Now _that_ is just too cool


----------



## MeatHanky

Beer on tap, popcorn machine - life is good!


----------



## PTAaron

Lumen said:


> Now that is just too cool


Tomorrow can't get here quick enough!



MeatHanky said:


> Beer on tap, popcorn machine - life is good!


Definitely!! Just need time to actually use it all


----------



## PTAaron

Couple of photos of the new subwoofer driver that arrived yesterday:


----------



## PTAaron

Popcorn machine arrived... Immediately unpacked it, cleaned it, set it up on our bar and popped some popcorn to eat while watching Return of the Jedi:



















After the movie I unpacked the rest of the box and assembled the cart:










That isn't the final location... Once I get the basement rearranged I'll post some final photos.


----------



## PTAaron

Mmmmmmmmmm!!
New delivery from Amazon!
Can't wait to try it out Sunday!


----------



## luisv

PTAaron said:


>


Great thread, thanks for sharing your journey and I especially like the kegerator. Looks like I need to do some additional research. :T


----------



## PTAaron

luisv said:


> Great thread, thanks for sharing your journey and I especially like the kegerator. Looks like I need to do some additional research. :T


Thanks for stopping by!
The kegerator is such a great addition! I don't know why I resisted at first when my wife wanted to add it - it is just so nice to have cold beer on tap whenever you need it 
Also great for parties because you can just pour a pitcher to take outside.


----------



## luisv

Totally agreed, it must be great to pour a fresh brew, especially if you're into home brewing as it makes it that more convenient. I will be do some additional reading for sure and hope to tackle the project after the holidays.


----------



## NBPk402

How long will a keg last once you start it (shelf life)?


----------



## PTAaron

luisv said:


> Totally agreed, it must be great to pour a fresh brew, especially if you're into home brewing as it makes it that more convenient. I will be do some additional reading for sure and hope to tackle the project after the holidays.

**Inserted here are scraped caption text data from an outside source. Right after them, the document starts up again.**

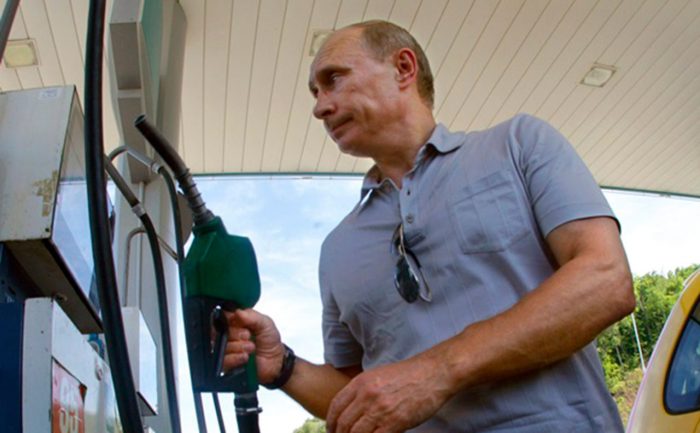 Путин сказал о ценах на бензин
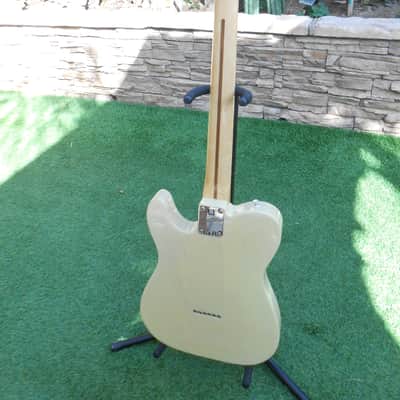 Fender 51 style Telecaster build Blonde Ash 2023 - Blonde image 20
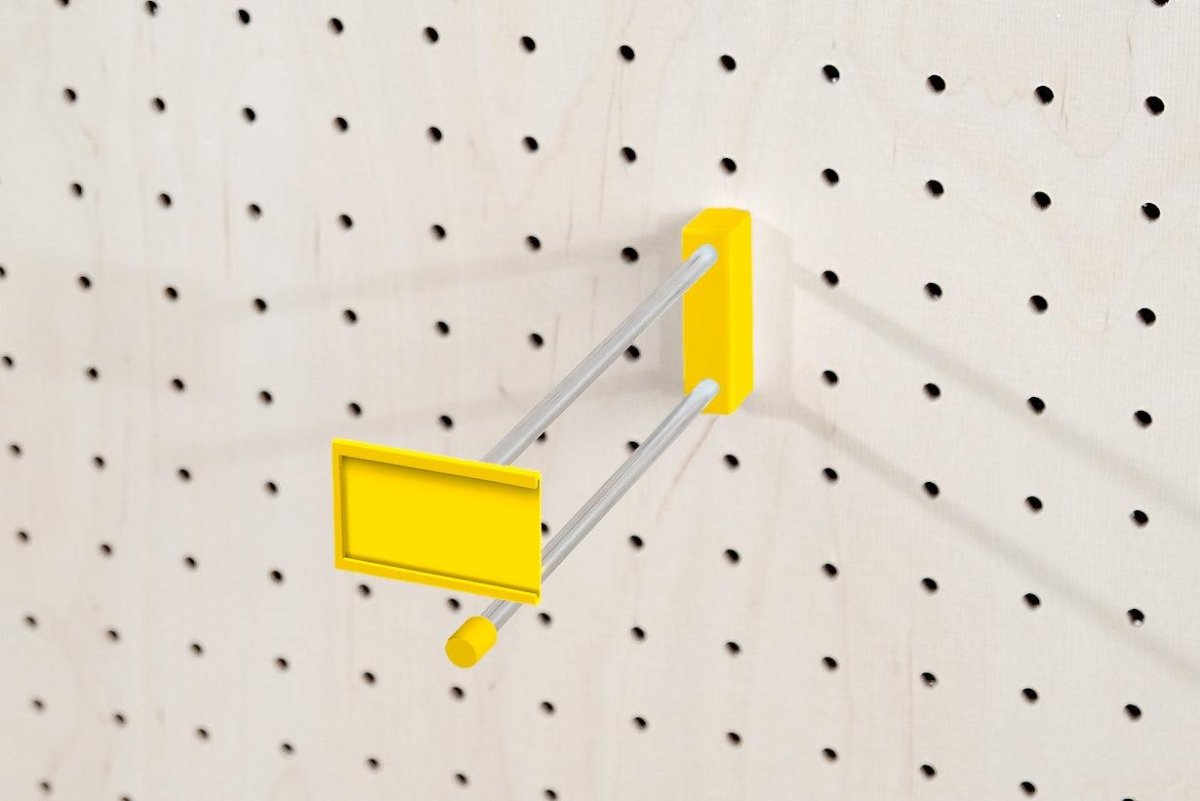 Broche métallique colorée - Accessoires - Aire - A196-27 - 7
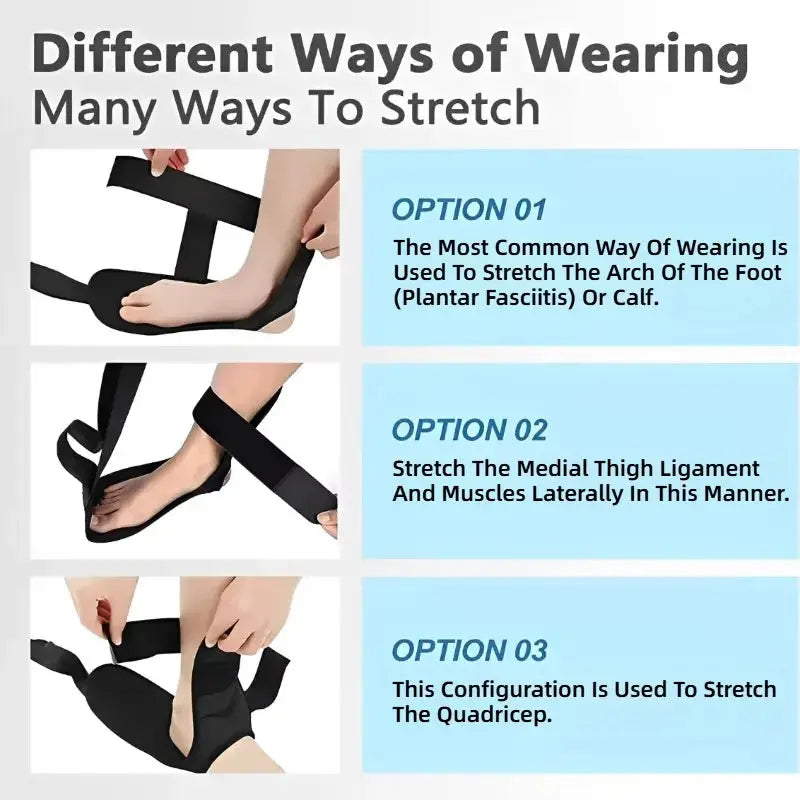 Calmly Leg Stretching Strap Calmly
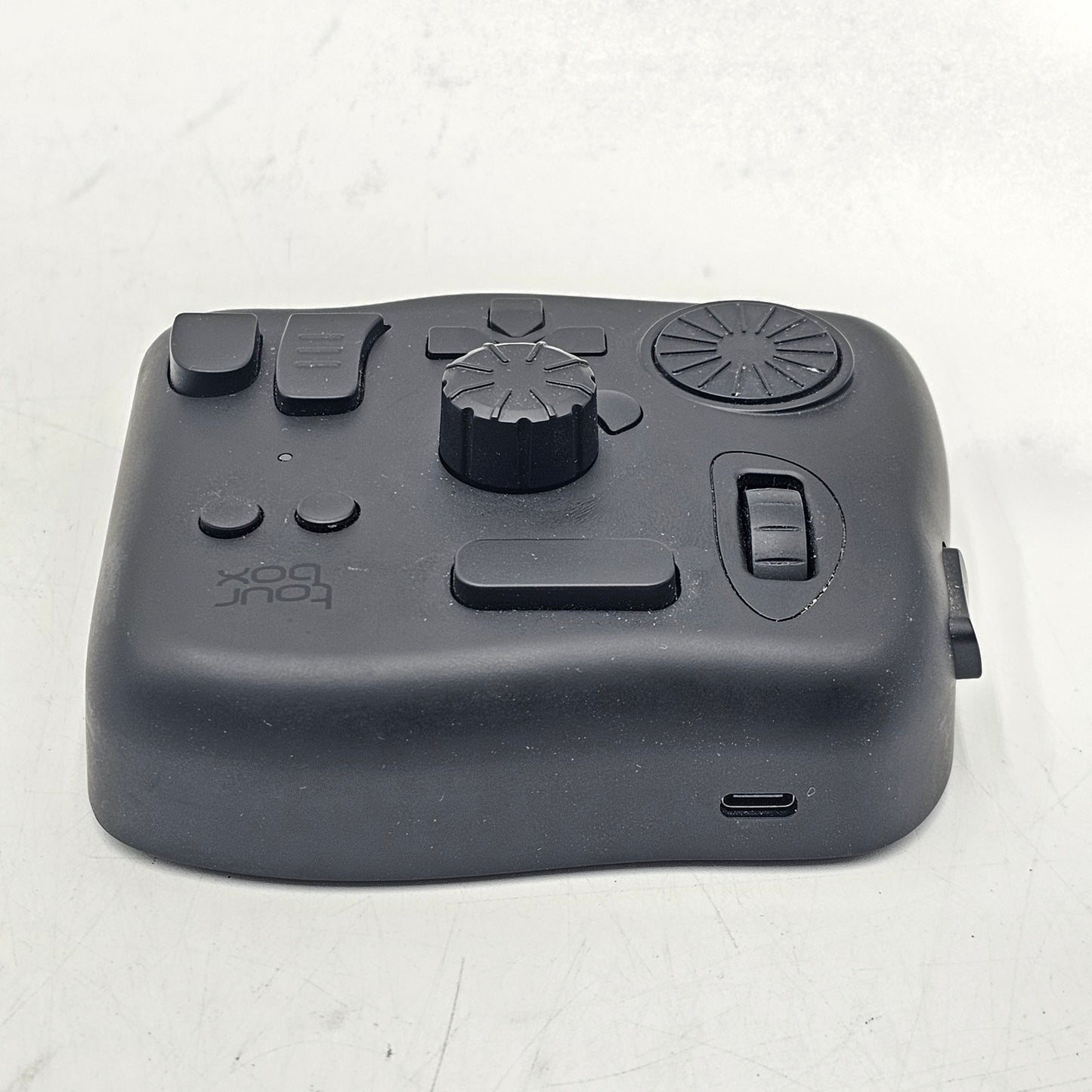 TOURBOX ELITE Bluetooth Controller for Video Photo Editing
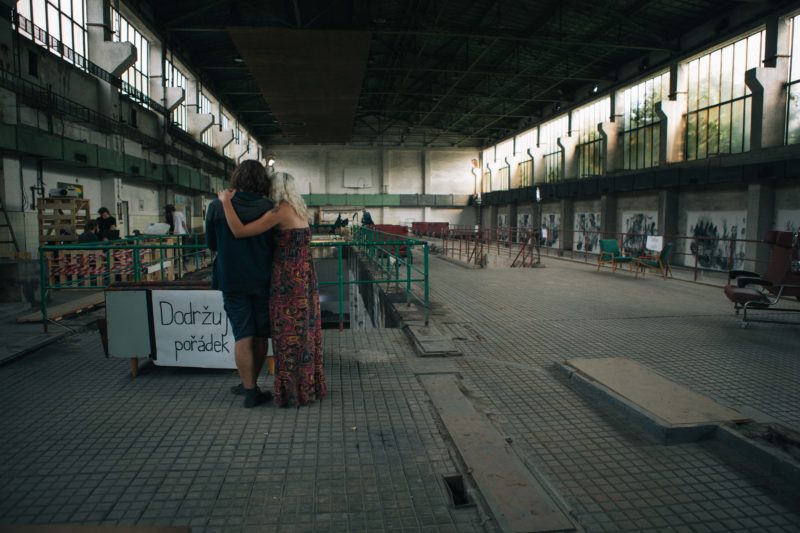 Ruins of Intolerance #006 | EXPO /|\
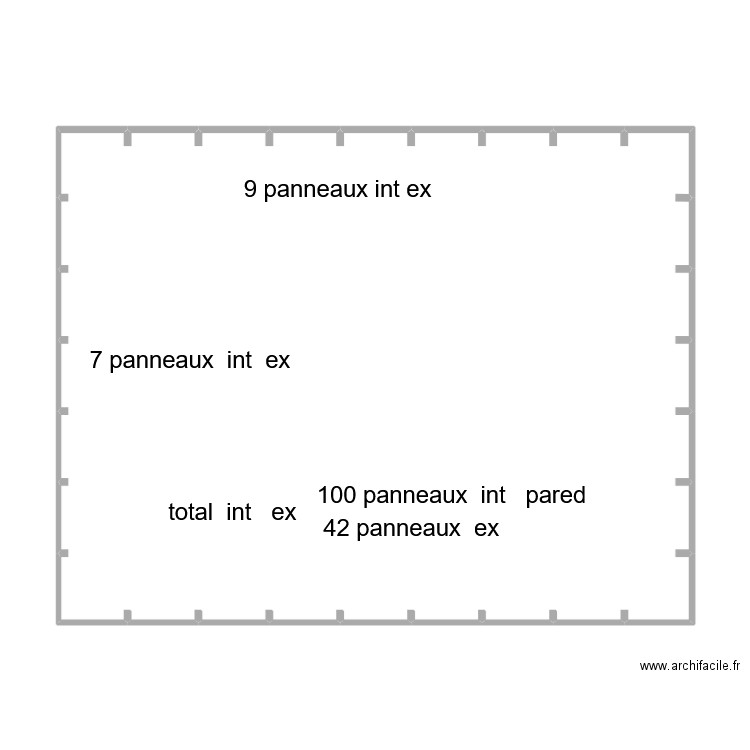 petit maison11. Plan de 0 pièce et 0 m2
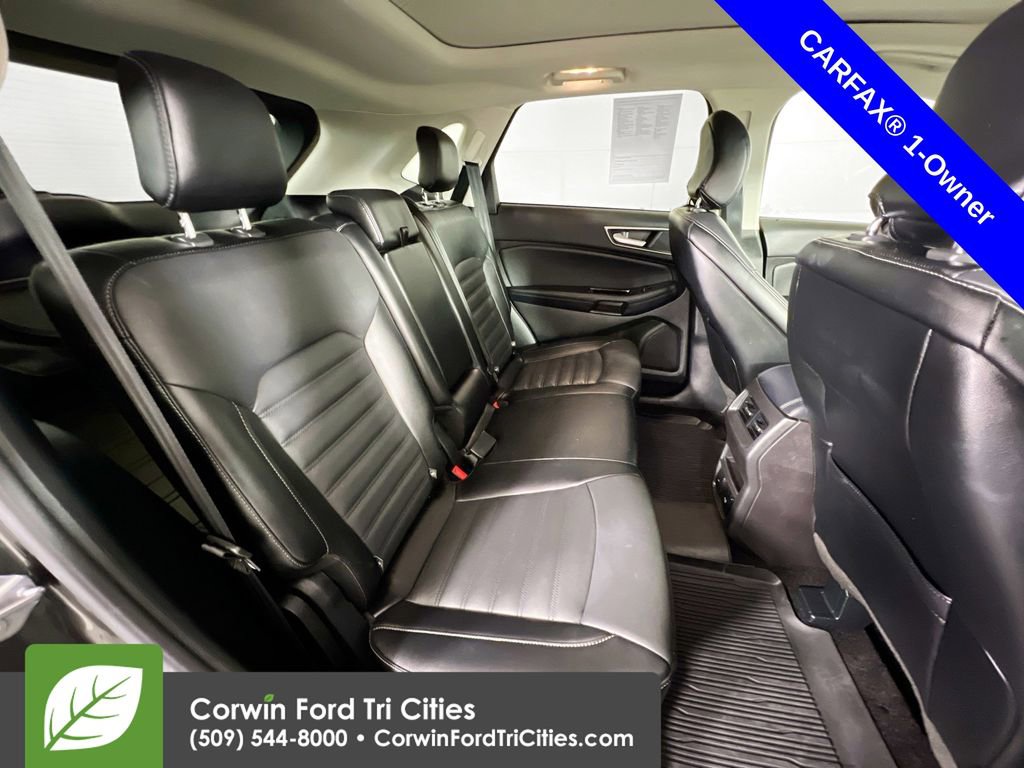 Used 2017 Ford Edge SEL w/ Equipment Group 201A image 16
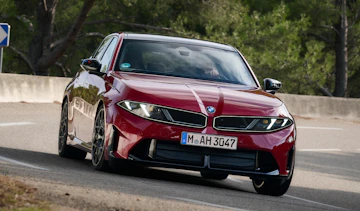 BMW M350 3-series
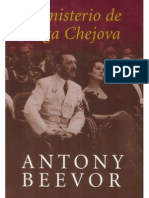 El Misterio de Olga Chejova - Antony Beevor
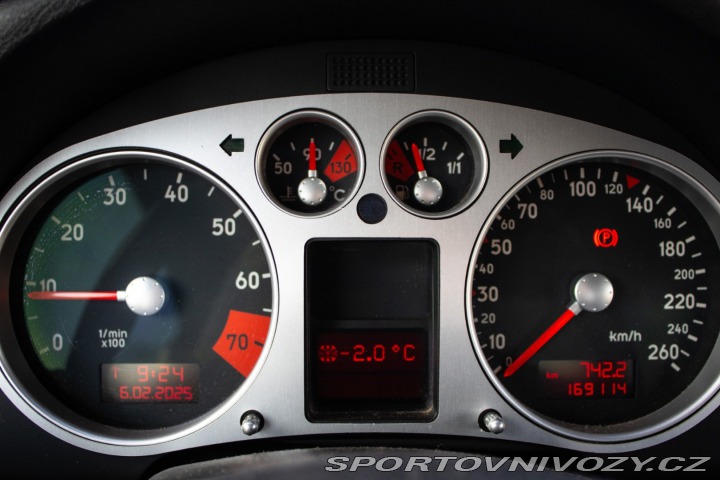 Audi TT Coupé  1.8 T 2004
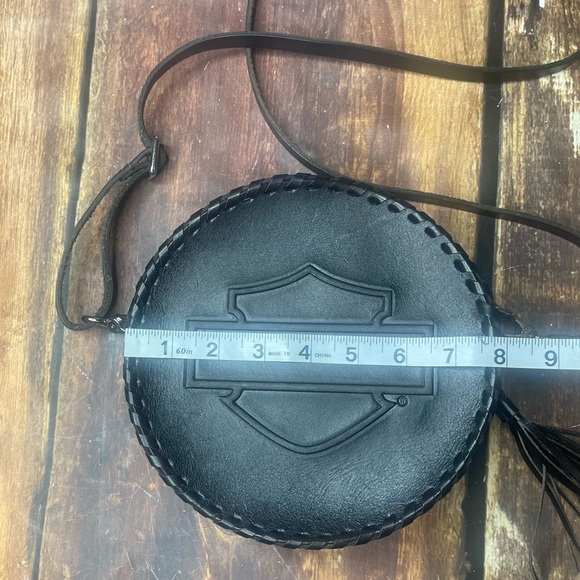 Harley Davidson Crossbody purse. - Picture 6 of 7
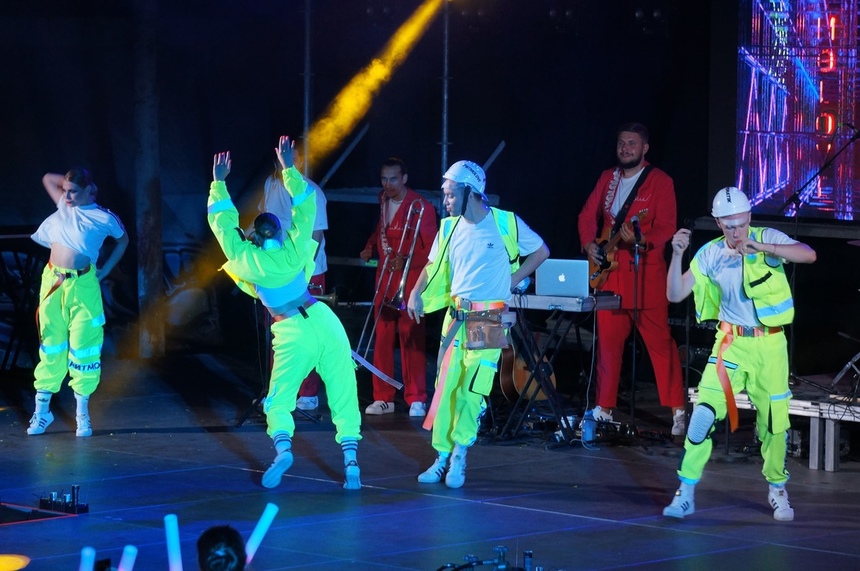 В Лимассоле отгремел на славу концерт MONATIK: фото 25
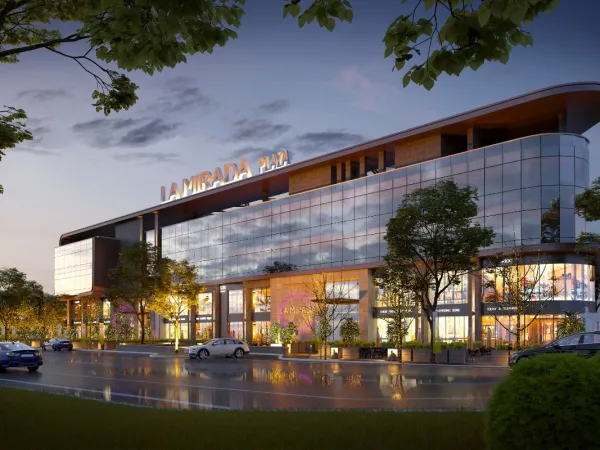 Book Your Unit Quickly in La Mirada Plaza starting from 149m²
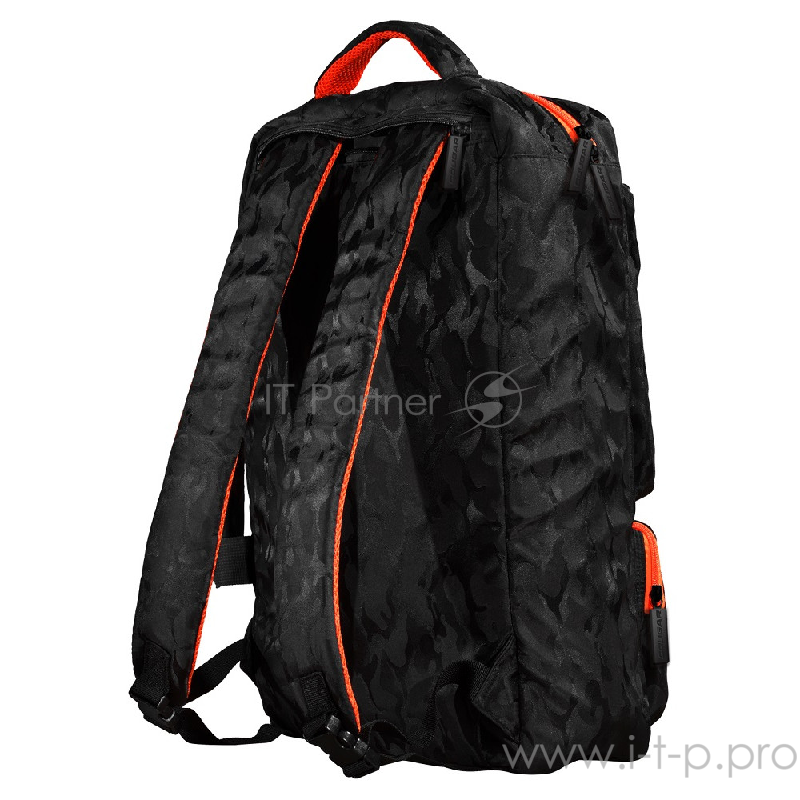 Рюкзак для ноутбука Cougar Battalion чёрный (15.6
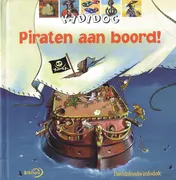 Omslag van Piraten aan boord!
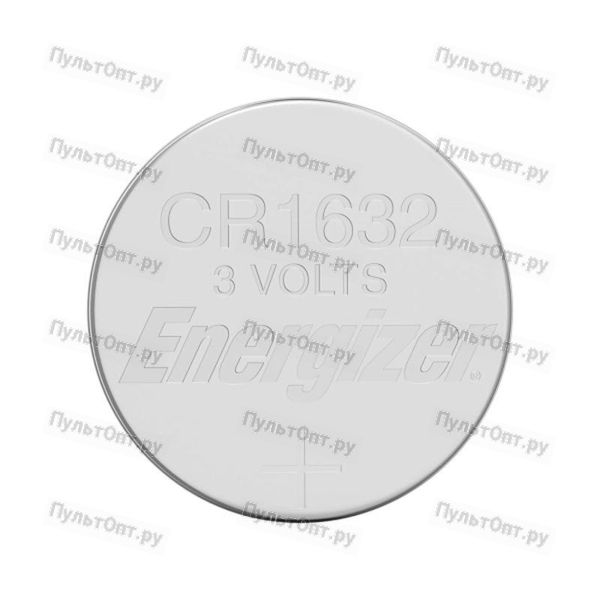 Эл. пит. CR1632 BL1 Energizer (1/10)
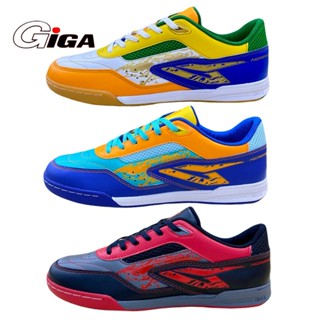 รองเท้าฟุตซอล GIGA รุ่น FGP3 ขนาด39-44 พร้อมส่ง!!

It was my wife's project, but I can get you more info on the parts we used if you are interested.



ellisr63 said:


> How long will a keg last once you start it (shelf life)?


I'm sure there is a shelf life to it - but we had our clone of Bell's Oberon on tap for a little over 2 months and it still tasted the same as when we kegged it. It is sealed in an oxygen free container and kept between 30-40 degrees so in theory it should be as good (as far as storage time) as if it was stored in a can or bottle.


----------



## PTAaron

Alrighty...finally swapped out the driver on my subwoofer, and I know subjective evaluation is kind of meaningless - but it sounded great. I played a bunch of scenes on my Home Theater Demo disc and there were a few times where I could "feel the bass" where I wasn't really "feeling it" before. I don't know enough about subs to know if it is possible to get better lower end from a sub just be changing out the speaker, but my pantlegs were vibrating with some scenes and that didn't happen before. I also played the fireworks scene from Ironman 2 because I used to get a sound like the sub was bottoming out before - didn't happen with the Infinity driver.

=====


Anyway - on to the swap... it was really easy. 

"Before"









I removed the screws from the driver, but it was pretty well stuck in place - so I decided to take off the amp, which was also stuck in place pretty well. A little prying with a screwdriver and it popped off - and I remembered that I had filled the sub with polyfill a while back... don't know how I forgot about that! In the process I chipped the paint in the corner - the folded piece of cardboard I was using to protect the finish slipped.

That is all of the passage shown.